Listeyi yalnızca bir kez kontrol ettikten sonra, Jin-Woo’nun yüzü şimdiden aydınlanıyordu.
‘Vulkan’ın Boynuzlarının yağma olması gerektiğini hemen hemen söyleyebilirim.’
Adından bulduğu toplam sayıya kadar, ‘Vulkan’ın Boynuzları’nın, çeşitli iblisleri öldürdükten sonra elde ettiği İblis Boynuzları gibi, yalnızca ek Altın için iyi bir yağma olduğunu tahmin etmek o kadar da zor değildi.
Bu da kalan üçünün ‘gerçek’ eşyalar olduğu anlamına geliyordu….
Ve dikkatini diğerlerinden daha fazla çeken bir eşya vardı.
['Malzeme eşyası: Dünya Ağacının Parçası'nı buldunuz. Alacak mısınız?]
‘Bu Malzeme Eşyası olayı nedir?’
Böyle bir şeyle ne yapabilirdi ki? Veya Sistem bunun bir arayışla ilgili bir şey olabileceğini mi ima etmeye çalışıyordu?
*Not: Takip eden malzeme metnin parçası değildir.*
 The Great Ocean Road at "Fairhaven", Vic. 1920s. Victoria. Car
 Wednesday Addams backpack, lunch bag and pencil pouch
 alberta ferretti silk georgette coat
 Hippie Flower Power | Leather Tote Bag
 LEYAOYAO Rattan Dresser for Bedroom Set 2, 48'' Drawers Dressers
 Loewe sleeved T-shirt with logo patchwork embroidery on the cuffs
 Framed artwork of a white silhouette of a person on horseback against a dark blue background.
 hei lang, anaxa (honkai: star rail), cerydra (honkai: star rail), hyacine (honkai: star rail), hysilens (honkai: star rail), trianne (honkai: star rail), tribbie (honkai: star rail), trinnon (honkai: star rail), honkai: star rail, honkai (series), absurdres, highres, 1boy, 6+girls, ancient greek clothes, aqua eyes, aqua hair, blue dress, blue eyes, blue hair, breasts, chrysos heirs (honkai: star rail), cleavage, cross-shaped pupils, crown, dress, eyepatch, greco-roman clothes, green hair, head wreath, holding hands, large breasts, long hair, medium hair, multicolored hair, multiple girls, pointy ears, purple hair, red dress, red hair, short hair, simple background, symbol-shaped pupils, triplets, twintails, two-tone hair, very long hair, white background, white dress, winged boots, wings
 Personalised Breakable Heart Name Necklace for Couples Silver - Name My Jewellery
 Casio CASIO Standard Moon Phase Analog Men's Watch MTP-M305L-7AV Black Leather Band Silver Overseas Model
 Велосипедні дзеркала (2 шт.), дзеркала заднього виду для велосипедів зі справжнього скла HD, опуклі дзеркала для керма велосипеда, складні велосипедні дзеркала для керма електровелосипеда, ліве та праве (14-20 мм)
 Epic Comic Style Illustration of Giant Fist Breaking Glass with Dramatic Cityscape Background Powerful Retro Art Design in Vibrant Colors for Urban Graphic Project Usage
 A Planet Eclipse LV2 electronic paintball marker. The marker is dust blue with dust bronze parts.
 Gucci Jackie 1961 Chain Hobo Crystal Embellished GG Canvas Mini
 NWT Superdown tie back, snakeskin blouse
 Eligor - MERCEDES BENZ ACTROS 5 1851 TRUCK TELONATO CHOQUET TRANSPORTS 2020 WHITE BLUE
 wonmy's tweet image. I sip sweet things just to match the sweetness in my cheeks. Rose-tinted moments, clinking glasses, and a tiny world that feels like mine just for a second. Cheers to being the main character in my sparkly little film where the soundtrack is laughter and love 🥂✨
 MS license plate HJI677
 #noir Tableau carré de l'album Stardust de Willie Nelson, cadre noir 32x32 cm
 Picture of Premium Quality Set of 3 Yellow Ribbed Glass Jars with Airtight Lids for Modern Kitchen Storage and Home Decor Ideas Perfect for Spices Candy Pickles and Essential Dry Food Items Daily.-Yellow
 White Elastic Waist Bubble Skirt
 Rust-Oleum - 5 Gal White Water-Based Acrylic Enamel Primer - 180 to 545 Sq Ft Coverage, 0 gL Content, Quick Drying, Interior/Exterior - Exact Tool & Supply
Jin-Woo'nun merakı, daha önce duymadığı bir eşya türünü okuduktan sonra uykusundan uyandı. Eşyanın üzerindeki açıklamayı okumak istiyorsa önce onları edinmesi gerekiyordu. Bu nedenle, tüm eşya edinme mesajlarında ‘evet’i seçti.
"Hepsini al."
Vulkan'ın farklı yerlerinden parlayan ışıklar eşyalara dönüştü ve bunu söyler söylemez ayaklarının yanında belirdi.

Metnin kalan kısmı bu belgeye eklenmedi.